Step Five: Compare Offers
Once you know how much money you need and what you can afford to pay each month, it’s time to begin shopping for your balance transfer credit card. There are lots of resources out there and sites that compare credit card offers. Make sure you are doing your research with reputable sources that are up to date.
Many websites that compare credit card offers to receive affiliate bonuses that incentivize them to direct your certain offers, that doesn’t mean those offers aren’t good, it’s just something to be aware of. Always cross-check the numbers from affiliate sites with the lender before you apply.
Step Six: Apply for Offers
Apply for the best offer first. You can also apply for several other offers but be careful not to space this out or continue applying for the same type of offers cards if you’ve already been denied. Lenders will need to do a hard pull on your credit report and that can affect your credit score. Most credit bureaus will count multiple inquiries as one if you apply within a 14 – 45 day period. This allows you to shop for the best terms and apply for more than one card without hurting your credit score too much.

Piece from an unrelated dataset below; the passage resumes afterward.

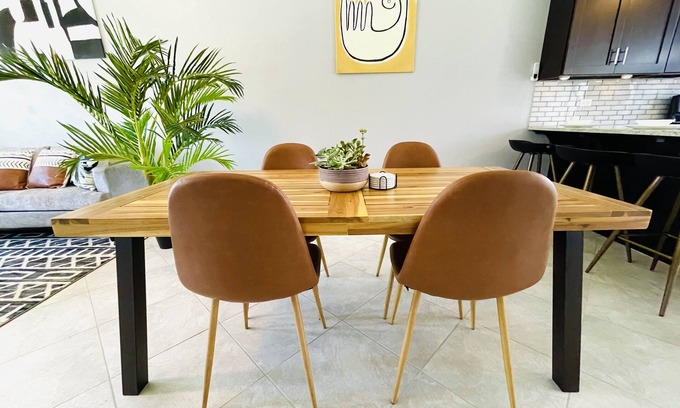 Estate Mount Pleasant West Apartment | Blue House East at the Botanical Gardens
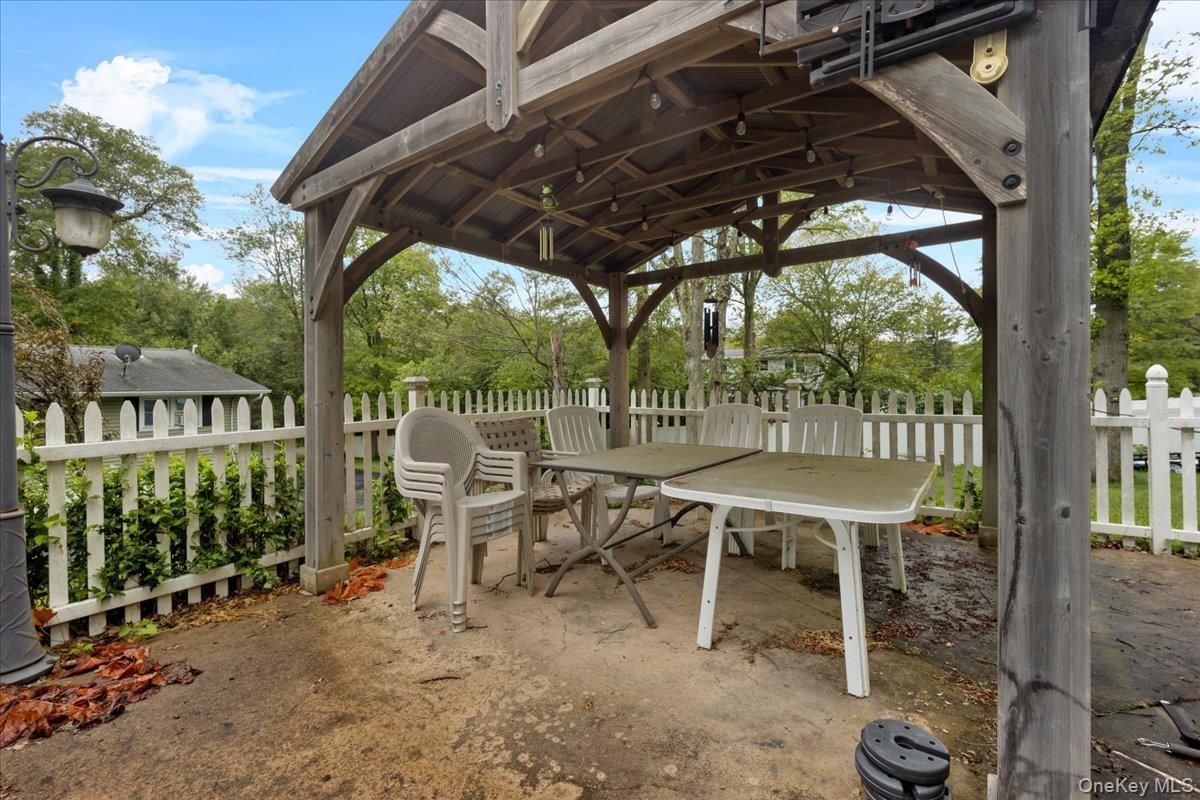 Single Family Hujay  Dutchess County, NY 12590, MLS-978978-33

|Balance Transfer Application Checklist|
Account number for your existing balance
The exact amount you wish to transfer
Social Security number
Proof of income
Step Seven: Get Accepted and Transfer Your Balance
Once you have been accepted for your new card, you can transfer your balance. Get off to a good start by setting up automatic payments on your new account. You may also want to set reminders in your calendar so you can review your account monthly and increase or decrease payments as needed throughout your repayment.
Make the Best of Your Balance Transfer Credit Card
- Don’t Use the New Card for Other Expenses
- Make Your Payments on Time
Credit card companies set strict credit score qualifications for balance transfer credit cards because they want to ensure you will be able to manage the debt responsibly. However, even if you qualify for a good offer, balance transfer cards can be costly if not managed properly. It’s important to make all of your payments on time. Some balance transfer introductory rates will be canceled by the lender if your payment is late!
Also, it’s not recommended to use a balance transfer credit card for new expenses during the introductory period. This can slow down your repayment and negate the value of your introductory rate savings.
Alternatives to a Balance Transfer
A balance transfer can be a great option for you if you meet the credit requirements and have the means necessary to pay down the balance as quickly as possible during the introductory period. However, you should explore all your options before making a final decision.
Credit card balances can be paid off with debt consolidation loans or through debt relief programs. Debt consolidation loans may be an option for you if you don’t qualify for a balance transfer card with a high enough limit to cover all of your debt. If you are behind on your payments, have a lower credit score, or simply want to pay down your debt for less than you owe, a debt relief program might be the right choice for you.
Exploring all of your options is a great way to make an informed decision about your debt.